No ROI institutes do as far as I'm aware. You can get a Laser card though which is a similar thing (takes the money directly from your bank account) but the banks are somewhat slow to issue them to new residents. Also, it's less "sub prime" than the electron, just about everyone uses them.


----------



## McSim (14 Oct 2008)

I believe Halifax does them, [broken link removed], Visa debit = Visa Electron to best of my knowledge.


----------



## NorfBank (14 Oct 2008)

Visa Debit is not Visa Electron unfortunately.
The only Visa Electron in Ireland is the MBNA gift card 



I'd like to know if anyone has been successful using it to book Ryanair flights as I guess the OP is trying to avoid the Ryanair CC charges?


----------



## vector (17 Oct 2008)

FYI are you sure you want one?

An italian customer recently tried to use a Visa debit or electron to order products from my business over the phone. 
I entered the number and my terminal said "Manual entry not allowed". When he arrived in person it worked with when it was physically inserted into the terminal.
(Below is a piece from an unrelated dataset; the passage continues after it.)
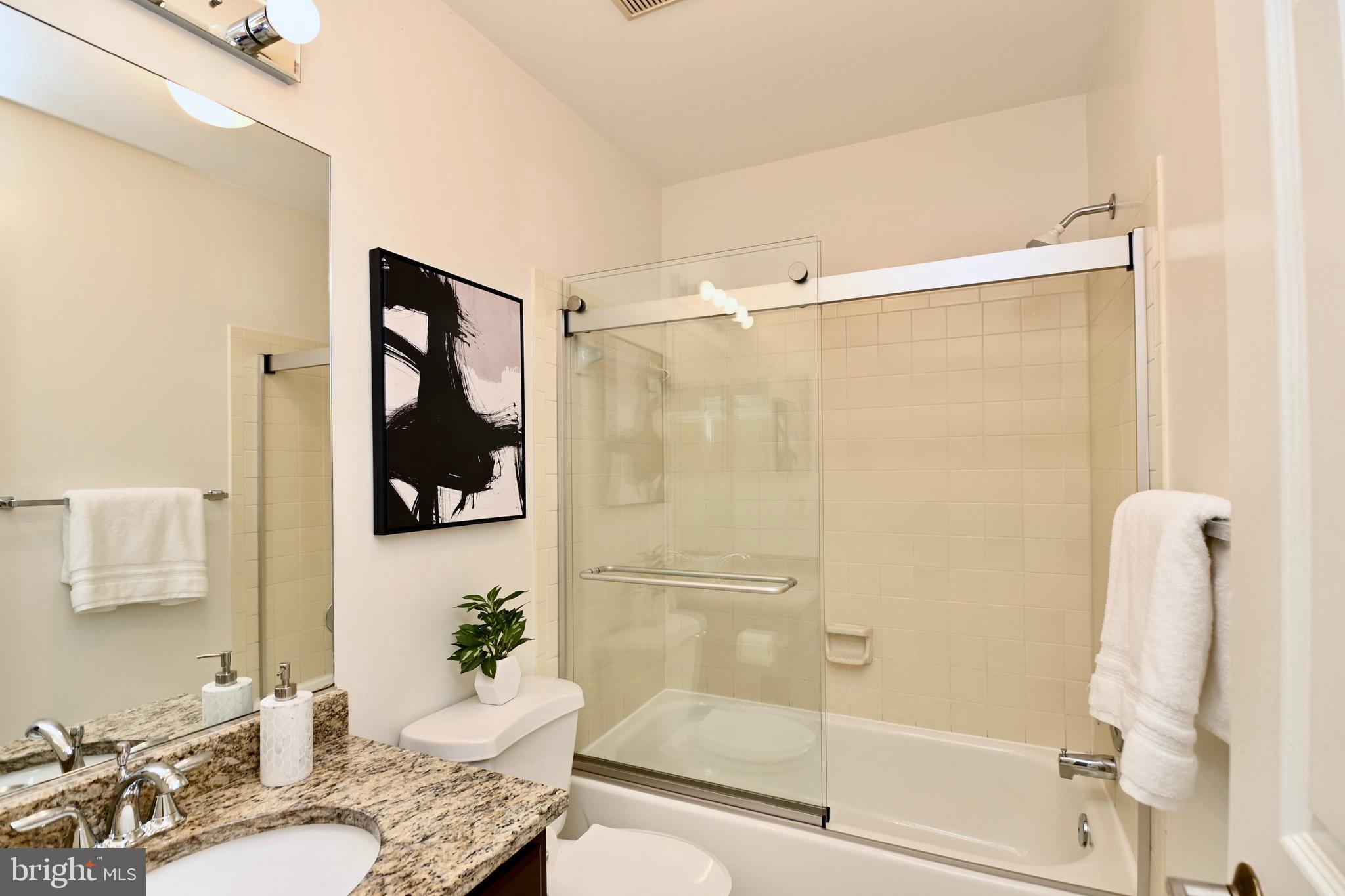 7443 Crestberry Lane Bethesda, MD 20817 - Photo 29 of 46 a bathroom with a granite countertop shower mirror and a sink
So if you did manage to get an Irish card would it be worth it?


----------



## z101 (20 Oct 2008)

MBNA do them. You can only put credit on them once to a limit of 350 Euro. They are designed as a gift card which is what MBNA call it.


----------



## cfarrell (21 Oct 2008)

The MBNA Gift Card works fine for RyanAir.

Unfortunately they have recently ceased to issue them.


----------